There's this shelf at my library that I haunt.

I stop in at least once a week. After I check the holds area for any books waiting for me, I make a beeline to this shelf -- the 640s of the Dewey system.

I've been obsessed with this particular Dewey decade since January and have kept my arm of the couch shoulder-deep in related books since then: farming, homesteading, householding, skill-hoarding, nesting. You may have noticed the new daily pie page called nest. Yeah, this is what that's about. I'm crazy about homemaking right now. There are several factors feeding into it (to be shared soon) (no, I'm not pregnant), and I can justify the obsession because most of what I'm learning is useful. Like, really useful, on a life-long scale.
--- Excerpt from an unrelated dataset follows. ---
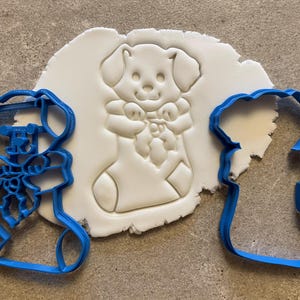 Puppy in a stocking cookie cutter, biscuit Cute dog, Animal icing decoration, pets, Christmas, winter, baking, cake decoration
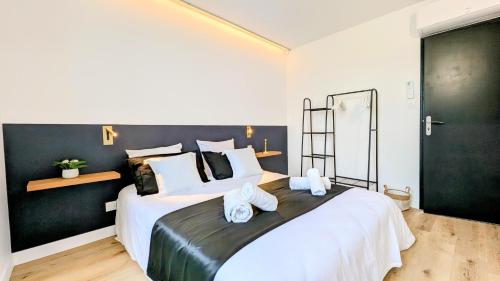 une chambre avec un grand lit avec des serviettes dessus dans l'établissement 151 - Terrasse & Jacuzzi, Rue Trivalle, Pied de la cité de Carcassonne - Climatisation, Netflix, Fibre, à Carcassonne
Anyhoo, so I'm slurking around this shelf today and spot a book called The Experts' Guide to Doing Things Faster: 100 Ways to Make Life More Efficient. Now, thanks to the books I've gorged on since the New Year, I'm way more into doing things more slowly than I have before, getting more enjoyment from actions and people, and generally wringing the goodness from life with my bare hands. But efficiency is like catnip for me. When I was 10 and we were moving into a new house, Mom caught me going to the house from the moving truck empty-handed, and she said, "Don't waste a trip."

A seminal moment, y'all. It was logical and made the job go faster, and then it stuck with me forever. I still don't like to waste trips from one room to another or one office to another. And I bet that advice is in that Expert's Guide. So I picked it up, sensing a sneaky cat-mint high within its pages.

I scanned chapters on How to Clean House and How to Go Through Airport Security, each written by an apparent expert of the subject, and then this one caught my eye: How to Wake Up. I looked at the so-called expert and laughed: a firefighter. Of course.

His name's Zac Unger, and he's written a book called Working Fire: The Making of an Accidental Fireman. And he knows all about waking up. Which, to Zac, means getting up. Here's a taste:

"The reason you have trouble waking up is because you feel as though you deserve more sleep. You don't. There's nothing in the Constitution about lounging around in bed, and the snooze button is not your birthright. In my line of work an alarm is an alarm; it rings and I get up no matter how much sleep I've had so far that night. And you need to do the same thing. No more fooling yourself, no more bemoaning your sleepy fate. Maybe you only got four hours of sleep last night, but that's a problem you need to deal with on the nighttime end of things, not in the morning."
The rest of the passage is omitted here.